Let us apply this to Nadia’s problem along the x direction (holding y fixed):
dT/dh = -0.006
∂h/∂x = -2x
∂T/∂x = (dT/dh) · (∂h/∂x) = (-0.006) · (-2x) = 0.012x
At position x = 100 km east of the summit:
∂T/∂x = 0.012 × 100 = 1.2 °C per km
Moving east at that position, the temperature increases by 1.2°C per kilometer. This makes sense: moving away from the summit decreases altitude, and lower altitude means warmer temperature.
The Chain Rule In The Multivariate Setting
Nadia’s function depends on two variables x and y, not just x. The chain rule extends naturally to this case.
The composed function T(h(x, y)) has two partial derivatives, one for each input. Each is computed by the same chaining idea:
∂T/∂x = (dT/dh) · (∂h/∂x)
∂T/∂y = (dT/dh) · (∂h/∂y)
For Nadia’s functions:
dT/dh = -0.006
∂h/∂x = -2x
∂h/∂y = -4y
∂T/∂x = (-0.006) · (-2x) = 0.012x
∂T/∂y = (-0.006) · (-4y) = 0.024y
The gradient of T with respect to position (x, y) is:
∇T(x, y) = (0.012x, 0.024y)
At the position (x, y) = (100, 50):
∇T(100, 50) = (0.012 × 100, 0.024 × 50) = (1.2, 1.2)
Moving east and moving north both increase the temperature at the same rate at this position, 1.2°C per km in each direction.
The General Form
The real power of the chain rule emerges when both f and g are multivariate functions. Suppose:
x is a vector in ℝⁿ
h(x) is a function from ℝⁿ to ℝᵐ (m intermediate variables)
T(h) is a function from ℝᵐ to ℝ
Then the gradient of T with respect to x is:
∇ₓT = Jₕ(x)ᵀ · ∇ₕT
where Jₕ(x) is the Jacobian matrix of h at x (the matrix of all partial derivatives of h with respect to x, which we will define properly in the next post) and ∇ₕT is the gradient of T with respect to h.

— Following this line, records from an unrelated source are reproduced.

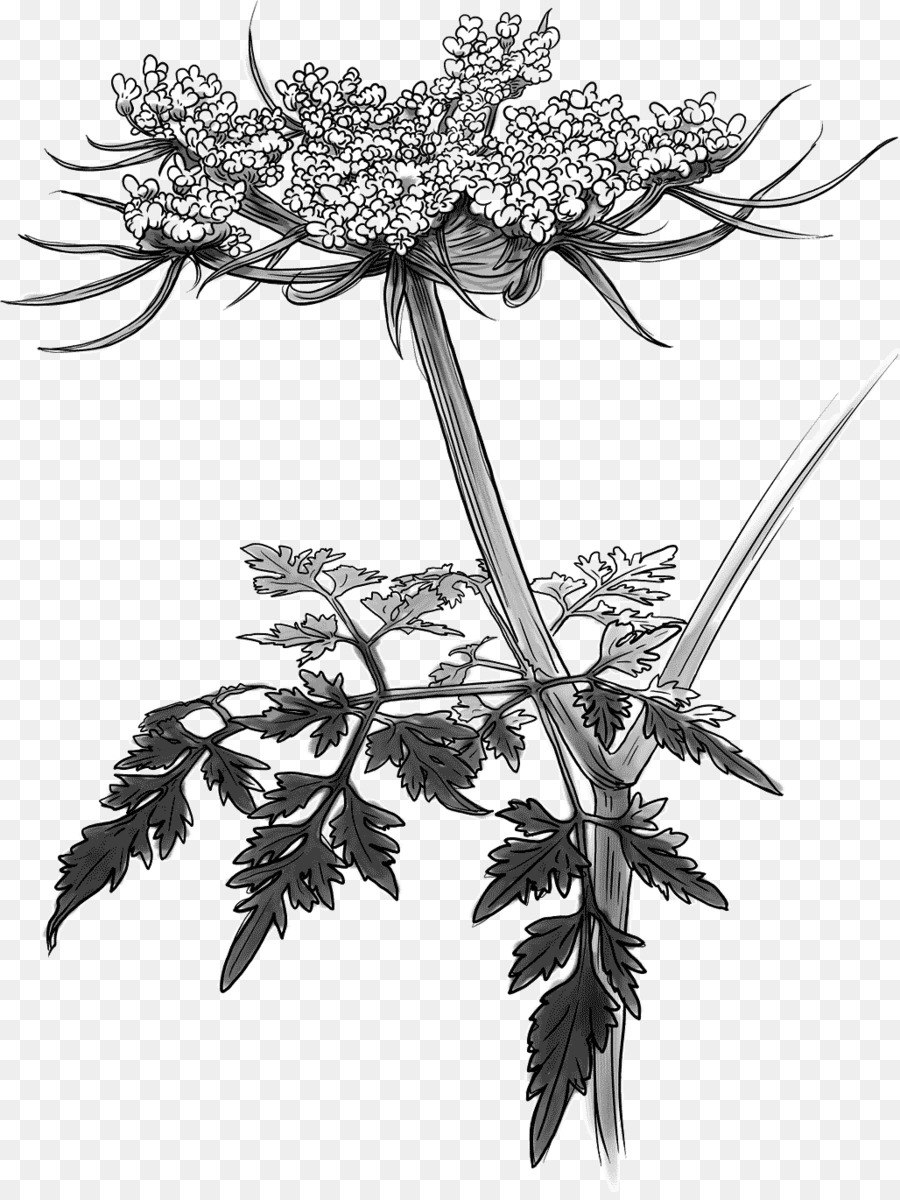 Плоды купыря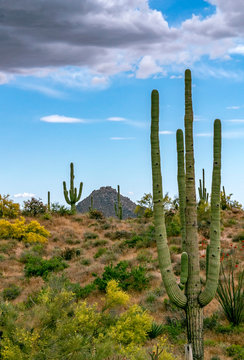 Tall Cactus In the Arizona Desert landscape © Ray Redstone
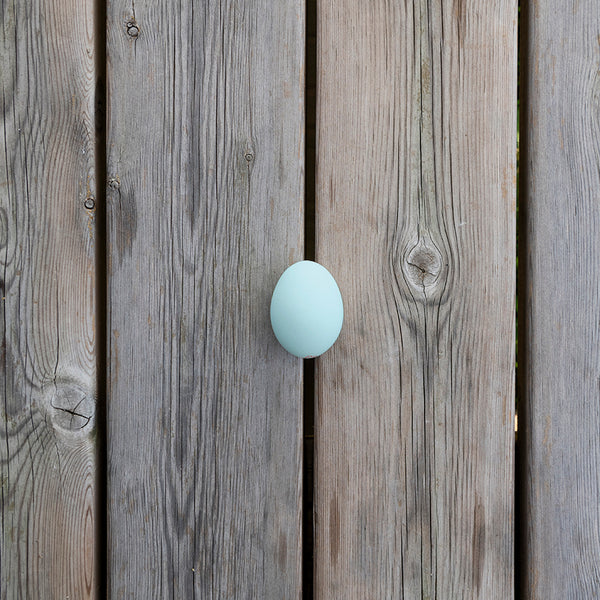 4 UOVA PRINCIPE DI FINO DA GALLINA ARAUCANA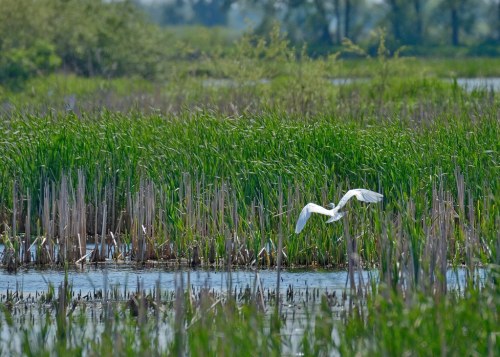 A white bird flies over a lush green wetland with tall grasses and reeds beside a calm water surface.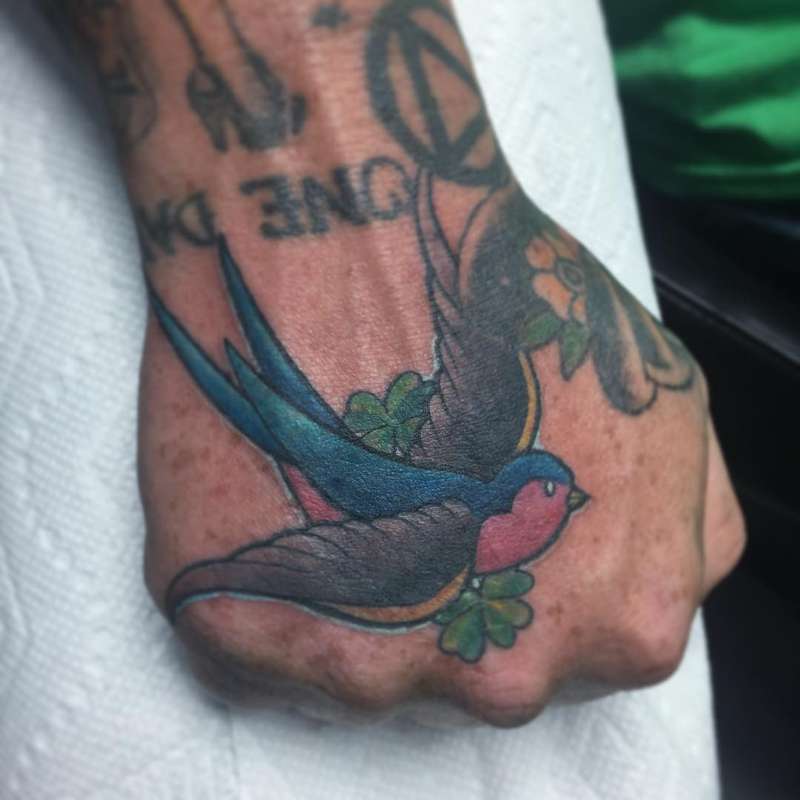 colorful swallow tattoo on hand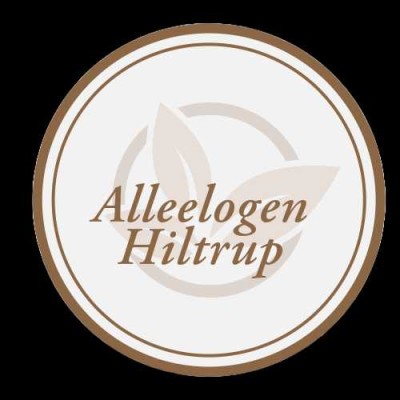 MS-Süd: Lifestyle und Ambiente - Die Alleelogen
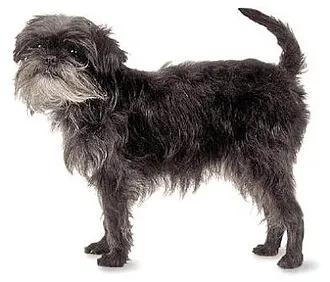 Affenpinscher fotoğraf 4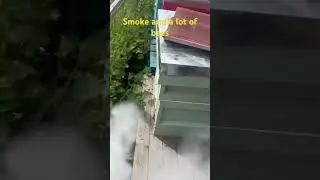 Smoke and the bees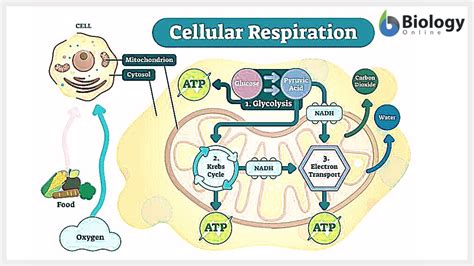 Steps Of Cellular Respiration Biology Article Khan Academy Cellular Respiration And Fermentation Worksheet - Cellular Respiration And Fermentation Worksheet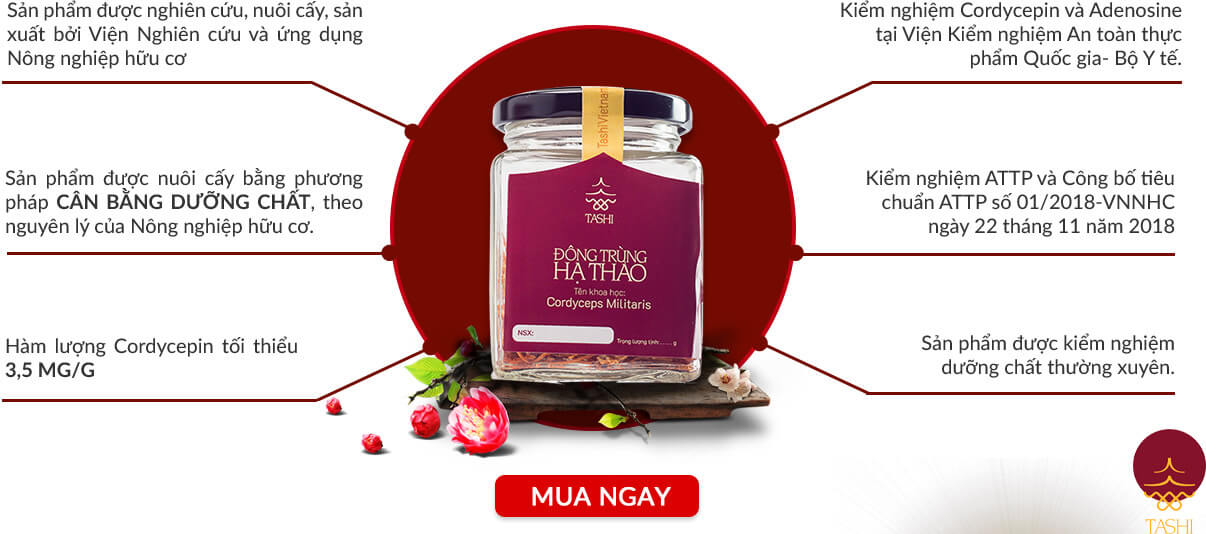 cách bảo quản đông trùng hạ thảo tươi tốt nhất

Do not worry if this looks abstract for now. The key message is this:
The chain rule in the multivariate setting is a matrix multiplication.
This is not a coincidence. It is the reason why gradient computations in neural networks can be organised as sequences of matrix multiplications, which modern hardware (GPUs) is extremely efficient at. The chain rule is not just a mathematical nicety, it is the reason deep learning is fast.
Wrapping Up
The chain rule states that when a function T depends on intermediate variables h, which in turn depend on inputs x, the derivative of T with respect to x is obtained by multiplying the rates of change along the chain. In the multivariate setting this becomes a matrix multiplication involving the Jacobian, which we will define properly in the next post.
We saw the chain rule at work in two settings: Nadia’s temperature model with one intermediate variable and the two-variable extension that gave us the full gradient.
In the next post we take one step back and ask: what happens when the function itself returns a vector instead of a number? The answer is the Jacobian matrix, and it brings the chain rule and the determinants from our earlier series together in one place.